Un grupo de astrónomos ha realizado un descubrimiento sorprendente gracias al Telescopio Espacial James Webb (JWST) de la NASA: un exoplaneta, denominado L 98-59 d, que está cubierto por un océano global y permanente de magma. Situado a tan solo 35 años luz de la Tierra, este planeta podría ofrecer claves sobre la evolución de los planetas rocosos y los procesos que contribuyeron a la formación de nuestro Sistema Solar. El hallazgo ha sido publicado en la revista Nature Astronomy y ha despertado un gran interés en la comunidad científica internacional.

Un planeta que desafía clasificaciones

L 98-59 d es un exoplaneta que desafía las categorías convencionales. Hasta ahora, los planetas pequeños se clasificaban como “supertierras rocosas” o “mini-Neptunos gaseosos”. Sin embargo, este cuerpo celeste representa una nueva tipología que cuestiona los límites de estas definiciones. Con un tamaño aproximado de 1,6 veces el de la Tierra, los investigadores han encontrado una densidad inferior a la esperada para un planeta rocoso.
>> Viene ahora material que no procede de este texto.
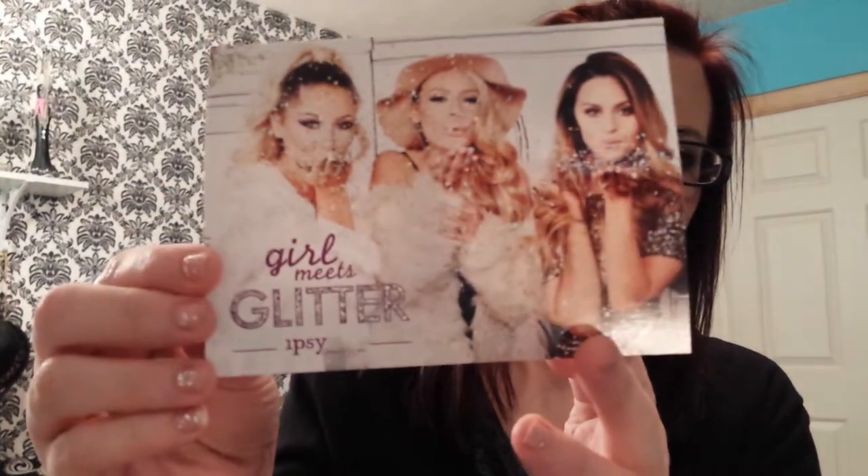Hi, it's Tessa and I'm here because my Ipsy bag just came and it is called Girl Meets Glitter. Here's the little card. Last month I didn't get my Ipsy bag video up because I'm down on a computer, I went to film it, my camera was full, I was having problems so I just didn't even upload it so I skipped the month.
Este dato llevó a desarrollar simulaciones por ordenador que reconstruyeron su evolución durante más de 5 000 millones de años.
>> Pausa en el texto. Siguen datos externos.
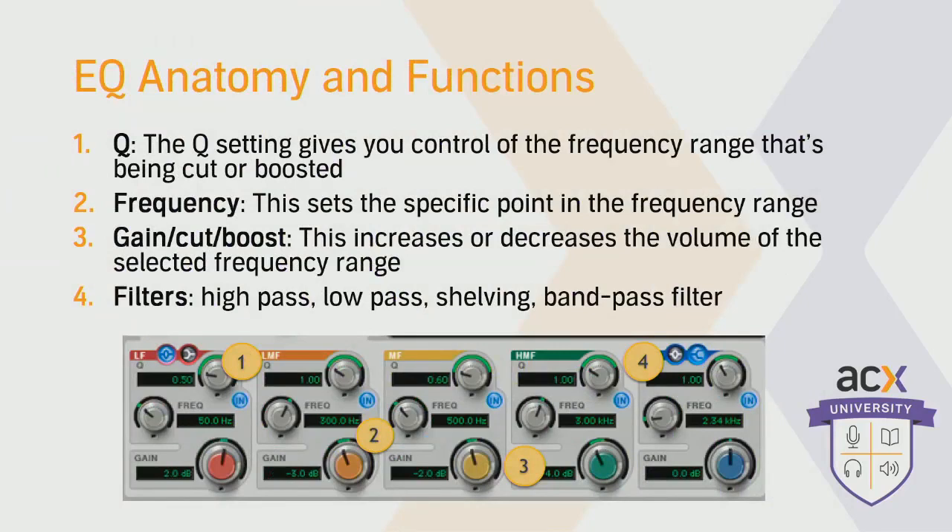We've used an image of a five-band parametric EQ. These are the parameters you're going to find on every parametric EQ. First is the Q setting, which allows you to select the specific range of frequencies that are going to be treated, whether you're cutting or boosting. Second is the frequency control, which allows you to set the specific frequency being emphasized or attenuated. Third is the gain knob — whether you're boosting or reducing the volume of that specific frequency. And then you have your filters: high pass, low pass, notch filters, band pass, and shelving.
Los resultados de estas simulaciones han revelado que su interior alberga un océano de magma compuesto de roca silicatada fundida, que se extiende a lo largo de miles de kilómetros. Este fenómeno no solo explica su composición, sino también sus características únicas. Además, este océano actúa como un sistema geológico dinámico, liberando gases de forma constante hacia la atmósfera.

Un entorno inóspito pero fascinante

La atmósfera de L 98-59 d es tan intrigante como inhóspita. Las observaciones realizadas por el JWST han detectado grandes cantidades de sulfuro de hidrógeno, un compuesto químico que emite un fuerte olor a huevos podridos. Por otro lado, la radiación ultravioleta de su estrella anfitriona, una enana roja, favorece la formación de dióxido de azufre en las capas superiores, según informa SciTechDaily. Este fenómeno se explica por un proceso de reciclaje interno, donde el océano de magma alimenta continuamente la atmósfera con gases ricos en azufre, permitiendo que el planeta mantenga su envoltura gaseosa a pesar de la intensa radiación estelar.
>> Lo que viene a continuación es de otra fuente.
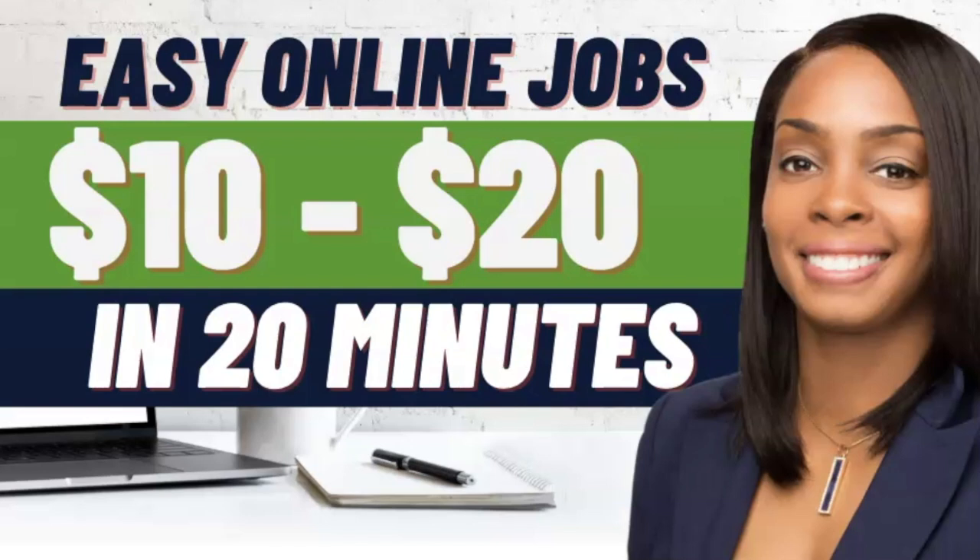Hey, happy Monday everyone. My name is Shay from dreamhomebasedwork.com. I am back this week with another hot work from home side hustle that you can do in addition to a job. Today I wanted to go over some ways that you can make anywhere from $10 to $20 in 20 minutes from just testing websites and mobile apps.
Los científicos sugieren que L 98-59 d pudo haber evolucionado a partir de un antiguo subneptuno, perdiendo parte de su masa, pero conservando su núcleo fundido. Este planeta se convierte en un “laboratorio natural” que permite estudiar la historia temprana de los mundos rocosos. Se ha establecido que la Tierra, Marte y otros planetas de nuestro Sistema Solar pasaron por etapas iniciales dominadas por océanos de magma.

Analizar L 98-59 d permite a los astrónomos observar procesos que sucedieron hace miles de millones de años en nuestro propio planeta. Este tipo de investigaciones es fundamental para entender la formación de atmósferas y la evolución geológica de los cuerpos celestes. A pesar de que la posibilidad de vida en este entorno es prácticamente nula, su estudio amplía nuestro conocimiento sobre la diversidad del cosmos.

Futuras misiones espaciales, como Ariel y PLATO de la Agencia Espacial Europea, podrían confirmar si este “infierno de magma” es simplemente una rareza o el primer ejemplo conocido de una nueva familia de mundos dominados por el fuego y el azufre.